Parents of sick children demanded to import a "live" vaccine, but the authorities were in no hurry to comply with these requirements. Officials doubted whether the vaccine would be effective for the Japanese, the government did not want to cooperate with the "reds" (Japan at that time remained a loyal ally of the United States), and pharmaceutical companies arranged their contracts with North American firms.
Last straw
Nevertheless, in 1961 a powerful nationwide movement was formed, bringing together parents, many doctors and political activists. All of them demanded to buy a vaccine from the USSR and conduct a mass vaccination. As researcher Izumi Nishizawa notes in an article about this movement, gradually people moved from the idea of a vaccine for my child to a vaccine for all children in the country, which allowed formerly scattered activists to unite and act as a united front.
“We ask you to provide a“live”vaccine as soon as possible! Every day, children are haunted by an invisible virus. Don't you have children yourself? Hasn't the corresponding research been already carried out abroad? This is not because of the dissatisfaction of pharmaceutical companies? In parallel with the protests, research was going on: a scientist from the Japanese Medical Association Masao Kubo made a visit to Moscow in December 1960 - January 1961, where he made sure of the reliability of the Sabin vaccines produced in the USSR, as well as their lower price compared to other countries. The government had fewer reasons to refuse to import them.

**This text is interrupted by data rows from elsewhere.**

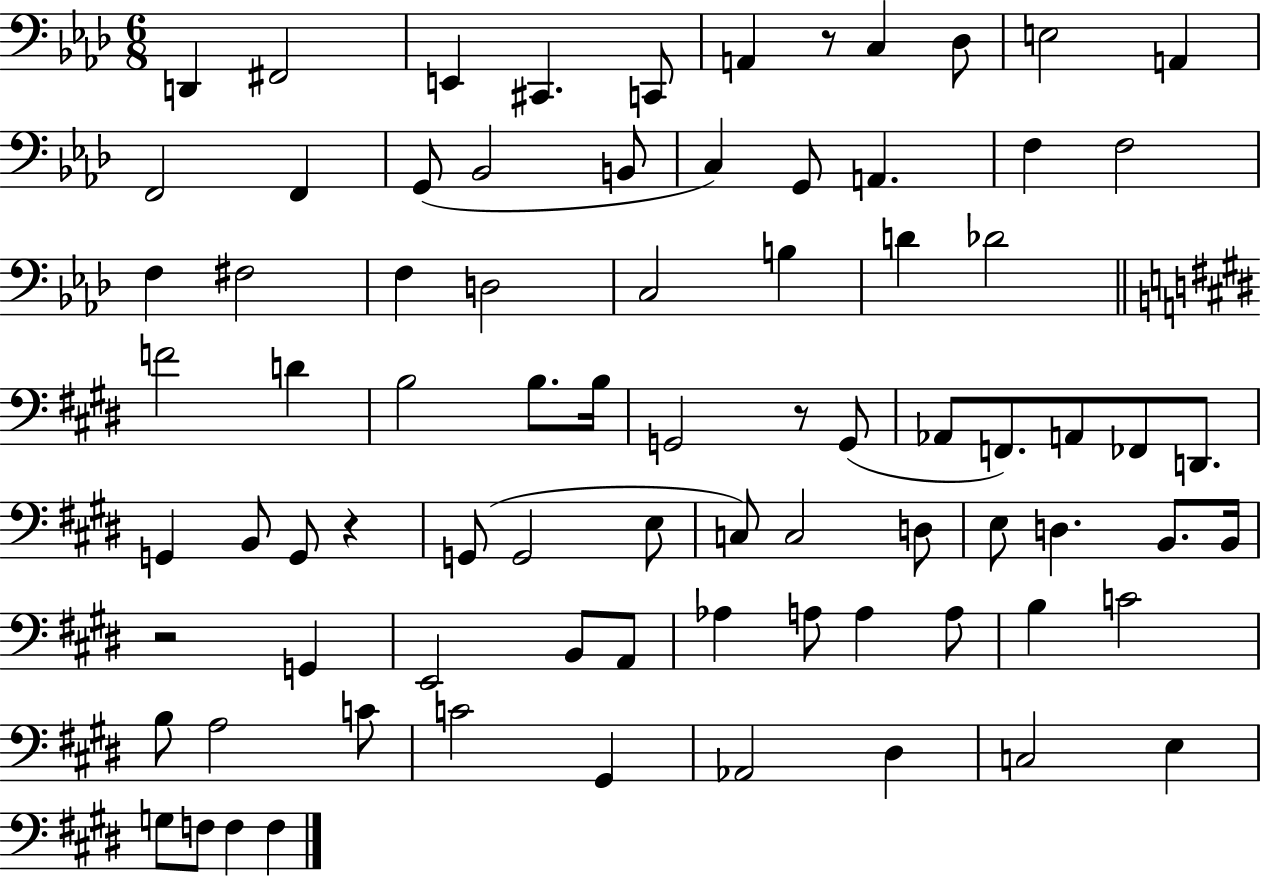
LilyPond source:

{
  \clef bass
  \numericTimeSignature
  \time 6/8
  \key aes \major
  d,4 fis,2 | e,4 cis,4. c,8 | a,4 r8 c4 des8 | e2 a,4 | \break f,2 f,4 | g,8( bes,2 b,8 | c4) g,8 a,4. | f4 f2 | \break f4 fis2 | f4 d2 | c2 b4 | d'4 des'2 | \break \bar "||" \break \key e \major f'2 d'4 | b2 b8. b16 | g,2 r8 g,8( | aes,8 f,8.) a,8 fes,8 d,8. | \break g,4 b,8 g,8 r4 | g,8( g,2 e8 | c8) c2 d8 | e8 d4. b,8. b,16 | \break r2 g,4 | e,2 b,8 a,8 | aes4 a8 a4 a8 | b4 c'2 | \break b8 a2 c'8 | c'2 gis,4 | aes,2 dis4 | c2 e4 | \break g8 f8 f4 f4 | \bar "|."
}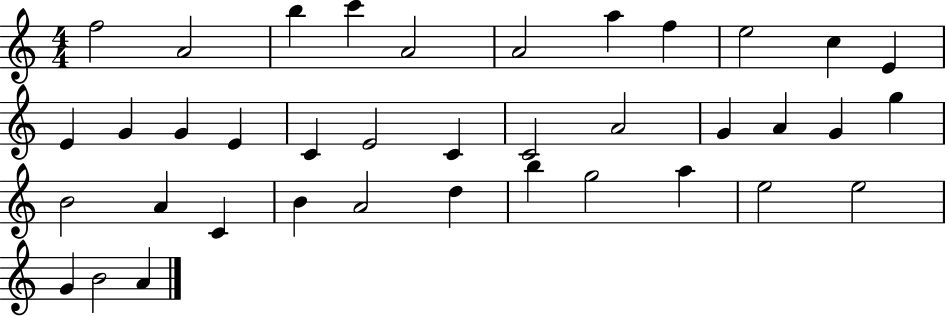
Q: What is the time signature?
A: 4/4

They were gone when on June 19, 1961, mothers protesting in Tokyo entered the building of the Ministry of Health - the police could not stop the women - and presented their demands directly to the officials. On June 22, the ministry surrendered: it was announced that the USSR would supply Japan with 13 million doses of the "live" vaccine. Through the mediation of the Japanese company Iskra Industry, the deliveries were organized promptly. “Old-timers probably remember how Aeroflot's airliner met thousands of crowds at Haneda airport,” wrote journalist Mikhail Efimov, who headed the Bureau of the Political News Agency in Japan for more than 10 years.
Vaccination quickly yielded results: by the fall, the outbreak in Japan had subsided, and after a few years and vaccination campaigns, this disease was practically eradicated in the country. Thanks for this are both Albert Sabin, the inventor of the vaccine, and Mikhail Chumakov, without whose efforts it would not have won popularity all over the world, and, of course, thousands of Japanese mothers, doctors and activists who demanded that the government put aside politics for the sake of the future of children.